# Try it:
Restate word for word the lines in the listing below, starting at the line containing "Harry Kane x" and ending at the line containing "On Buck Lane", both included; leave out the rest.

# Provided material:

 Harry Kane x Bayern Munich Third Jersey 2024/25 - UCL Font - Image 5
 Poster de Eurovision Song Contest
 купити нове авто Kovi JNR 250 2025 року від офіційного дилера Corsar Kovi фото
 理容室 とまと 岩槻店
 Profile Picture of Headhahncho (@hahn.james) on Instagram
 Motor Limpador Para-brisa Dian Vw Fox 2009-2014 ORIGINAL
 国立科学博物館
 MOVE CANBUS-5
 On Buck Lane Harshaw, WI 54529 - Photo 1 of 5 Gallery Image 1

--

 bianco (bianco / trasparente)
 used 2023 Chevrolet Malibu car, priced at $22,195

==

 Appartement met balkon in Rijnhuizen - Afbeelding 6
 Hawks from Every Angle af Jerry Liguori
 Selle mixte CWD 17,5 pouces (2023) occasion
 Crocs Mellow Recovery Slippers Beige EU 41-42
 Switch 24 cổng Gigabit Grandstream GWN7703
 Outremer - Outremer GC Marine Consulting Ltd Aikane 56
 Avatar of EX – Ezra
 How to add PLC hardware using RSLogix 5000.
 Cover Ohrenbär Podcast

# Solved exercise:
 Harry Kane x Bayern Munich Third Jersey 2024/25 - UCL Font - Image 5
 Poster de Eurovision Song Contest
 купити нове авто Kovi JNR 250 2025 року від офіційного дилера Corsar Kovi фото
 理容室 とまと 岩槻店
 Profile Picture of Headhahncho (@hahn.james) on Instagram
 Motor Limpador Para-brisa Dian Vw Fox 2009-2014 ORIGINAL
 国立科学博物館
 MOVE CANBUS-5
 On Buck Lane Harshaw, WI 54529 - Photo 1 of 5 Gallery Image 1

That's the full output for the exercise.